Using the records below, quote only the span that opens with the line containing "Hello, welcome to" and closes with the line containing "The local scope relates", exactly and inclusively.

▸ Raw data:
######

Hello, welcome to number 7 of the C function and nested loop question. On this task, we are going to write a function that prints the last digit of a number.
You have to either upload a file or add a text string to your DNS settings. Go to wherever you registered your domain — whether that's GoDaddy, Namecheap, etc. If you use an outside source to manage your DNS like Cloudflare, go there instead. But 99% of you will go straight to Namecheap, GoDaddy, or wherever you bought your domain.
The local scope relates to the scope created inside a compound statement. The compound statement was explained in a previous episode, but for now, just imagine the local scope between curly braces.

######

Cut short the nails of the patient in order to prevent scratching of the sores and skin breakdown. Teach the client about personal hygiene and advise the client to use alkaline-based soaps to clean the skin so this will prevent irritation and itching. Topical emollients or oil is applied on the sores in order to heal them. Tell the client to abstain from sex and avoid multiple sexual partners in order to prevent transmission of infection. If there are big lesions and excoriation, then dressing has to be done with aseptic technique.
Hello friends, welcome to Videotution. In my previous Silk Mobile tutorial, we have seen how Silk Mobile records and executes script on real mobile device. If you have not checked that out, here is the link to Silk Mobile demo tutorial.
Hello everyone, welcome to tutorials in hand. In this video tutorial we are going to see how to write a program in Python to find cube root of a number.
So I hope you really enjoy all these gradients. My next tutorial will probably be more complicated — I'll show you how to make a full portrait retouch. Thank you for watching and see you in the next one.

######

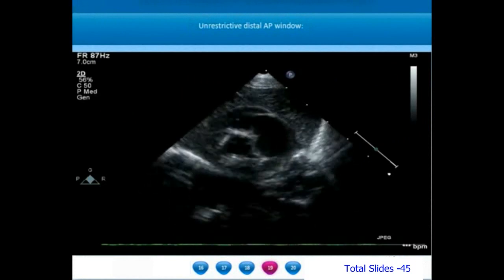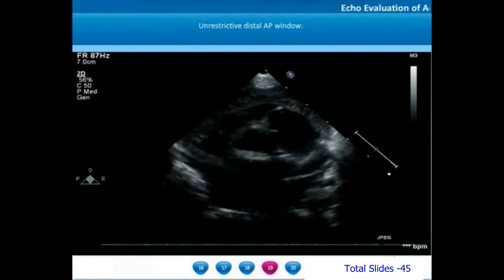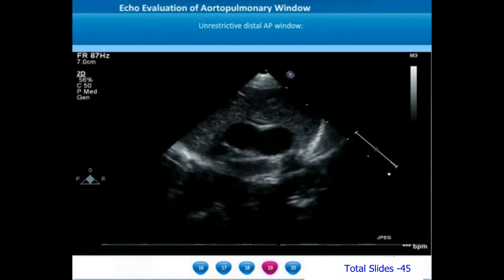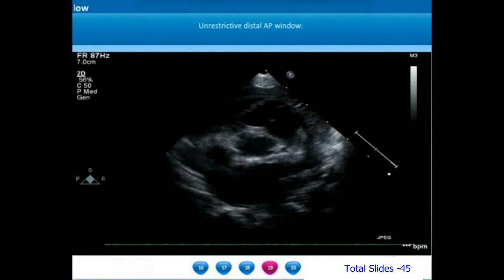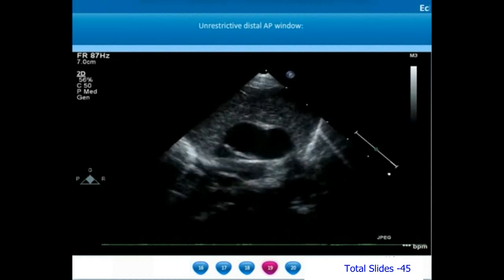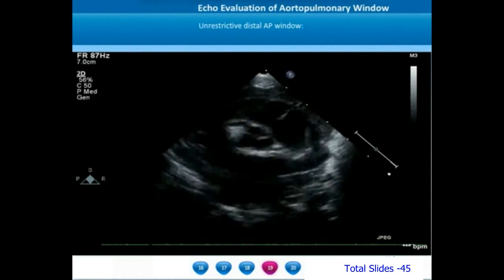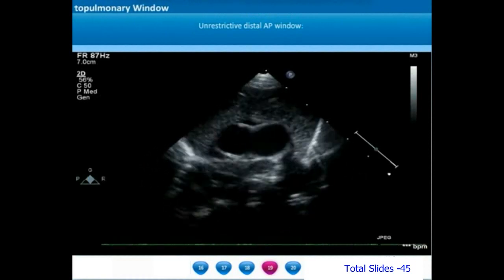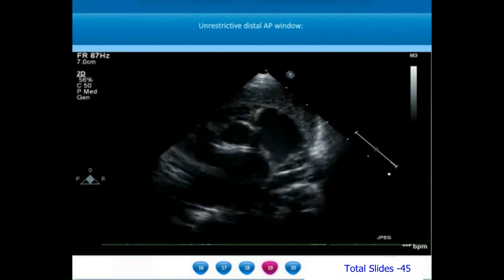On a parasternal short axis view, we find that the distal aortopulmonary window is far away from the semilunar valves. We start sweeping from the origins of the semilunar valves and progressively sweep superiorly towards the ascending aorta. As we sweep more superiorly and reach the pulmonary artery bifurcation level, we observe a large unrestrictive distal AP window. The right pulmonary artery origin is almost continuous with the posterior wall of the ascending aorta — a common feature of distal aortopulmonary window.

######

▸ Output for this exercise:
Hello, welcome to number 7 of the C function and nested loop question. On this task, we are going to write a function that prints the last digit of a number.
You have to either upload a file or add a text string to your DNS settings. Go to wherever you registered your domain — whether that's GoDaddy, Namecheap, etc. If you use an outside source to manage your DNS like Cloudflare, go there instead. But 99% of you will go straight to Namecheap, GoDaddy, or wherever you bought your domain.
The local scope relates to the scope created inside a compound statement. The compound statement was explained in a previous episode, but for now, just imagine the local scope between curly braces.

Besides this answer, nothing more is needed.